Si la pétition est jugée recevable, elle est enregistrée et attribuée à l’une des commissions spécialisées, selon son thème : affaires sociales, affaires étrangères, affaires économiques, affaires culturelles et éducation, défense nationale et forces armées, développement durable et aménagement du territoire, finances, économie générale et contrôle budgétaire, ou lois constitutionnelles, législation et administration générale.
En commission, les membres peuvent alors débattre du sujet et désignent un rapporteur pour explorer le sujet. Si le rapporteur accepte d’examiner le contenu de la pétition, celle-ci continue de suivre son cours. Des auditions peuvent être menées, y compris de ministres, et, éventuellement, le ou les auteurs de la pétition peuvent être associés aux travaux — d’où l’intérêt d’avoir leur identité.
Un rapport est produit, incluant le texte de la pétition et le compte rendu des débats.
En parallèle, si la pétition recueille plus de 100 000 signatures, alors elle bénéficie d’une visibilité accrue sur le site de l’Assemblée nationale, dans une rubrique dédiée. Si par contre elle dépasse la barre des 500 000 soutiens, domiciliés dans 30 départements ou collectivités d’outre-mer au moins, ce n’est plus en commission que la discussion a lieu, mais en séance publique.
L’accès à l’hémicycle n’est toutefois pas automatique : outre le critère des 500 000 signatures, il faut aussi qu’une demande soit formulée par le président de la commission concernée, par le président d’un groupe politique ou bien par un député. Mais là encore, il n’y a aucune garantie : le fin mot de l’histoire revient à la Conférence des présidents.
Qu’advient-il des pétitions ?
Compte tenu des nombreuses exigences imposées tout au long du parcours potentiel d’une pétition, l’Assemblée nationale ne devrait pas en voir très souvent en séance. Ce devrait par contre être moins le cas dans les commissions spécialisées, puisque les obstacles sont moins nombreux à franchir. La commission garde toutefois la possibilité de classer une pétition, sans possibilité de recours.
Il n’existe également appel à un rejet de la Conférence des présidents, malgré le succès populaire que rencontrerait une pétition. Si une pétition dépasse par ailleurs les 100 000 signatures, elle dispose d’un an pour essayer d’accroitre son nombre de soutiens pour essayer de percer en séance. Il n’est pas précisé ce qu’il advient des pétitions échouant à cette tâche, mais il est possible qu’elles perdent leur visibilité.

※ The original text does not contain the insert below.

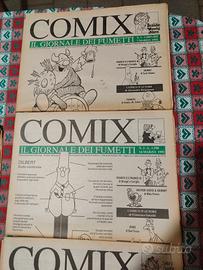 Comix il giornale dei fumetti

Enfin, les pétitions deviennent automatiquement caduques à la fin d’une législature, c’est–à-dire lorsque de nouvelles élections législatives prennent place — ce scrutin survient tous les cinq ans. Toutes les pétitions sont alors fermées et archivées, mais restent visibles. Rien n’interdit toutefois de retenter sa chance à la législature suivante, en faisant le pari que les nouveaux députés seront plus sensibles à telle ou telle requête.